We also believe there will be continued attractive distressed opportunities in the US and Europe for several years in the future. While default rates are expected to remain low in the US, a 2 per cent default rate on a market nearly $1 trillion in size for high yield and bank loans still results in nearly $20 billion of new defaults each year, plus many other companies that avoid default, but whose securities could trade at distressed levels. Avenue’s assessment of the pipeline of potential stressed and distressed opportunities in the US for the next three years is expected to consist of 95 issuers with roughly $425 billion in total debt as of May 29, 2013. 

Further, nearly 7 per cent of bank loans issued to European companies are still owned by the traditional commercial banks, and there has been minimal refinancing of these loans over the past couple of years. It is estimated that the European commercial banks need to reduce their loan assets by approximately €400 million over the next few years in order to meet regulatory capital requirements.

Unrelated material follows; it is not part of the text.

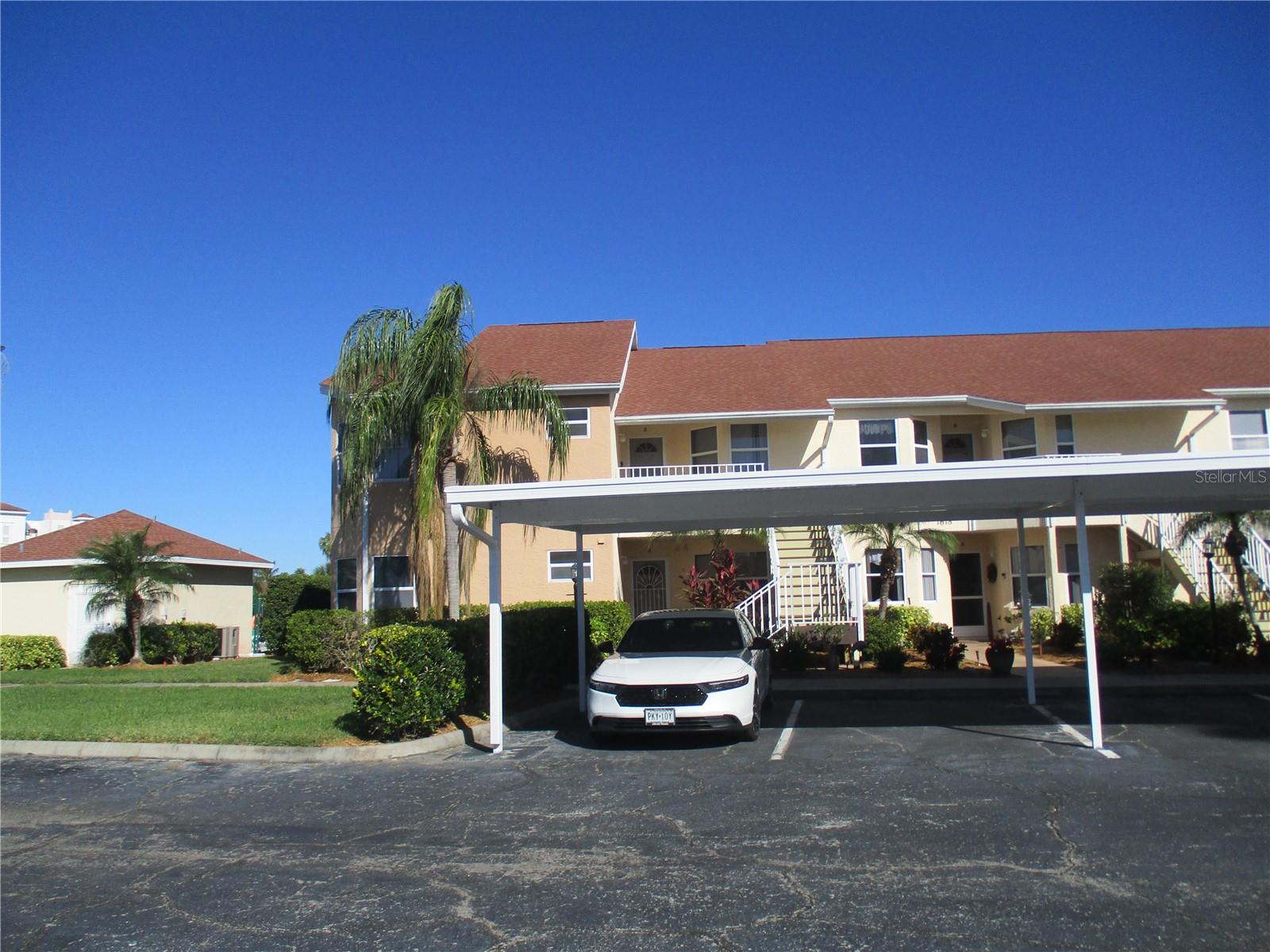 1620 Fairway Trce #A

Given these facts and the fact that that Europe has endured a lengthy recession that we believe will be followed by lower than normal growth, we believe the environment in Europe should provide for attractive distressed and stressed opportunities for many years in the future.

In terms of Europe, the pipeline of potential stressed and distressed opportunities over the next three years is expected to include about 220 issuers with roughly €570 billion of total debt as of May 31, 2013.  

Avenue Capital Management has offices in London, Luxembourg and Munich, and four in Asia.  As of April 30, 2013, Avenue oversaw assets of approximately $11.6 billion on behalf of pension funds, family offices, foundations, insurance companies and sovereign wealth funds.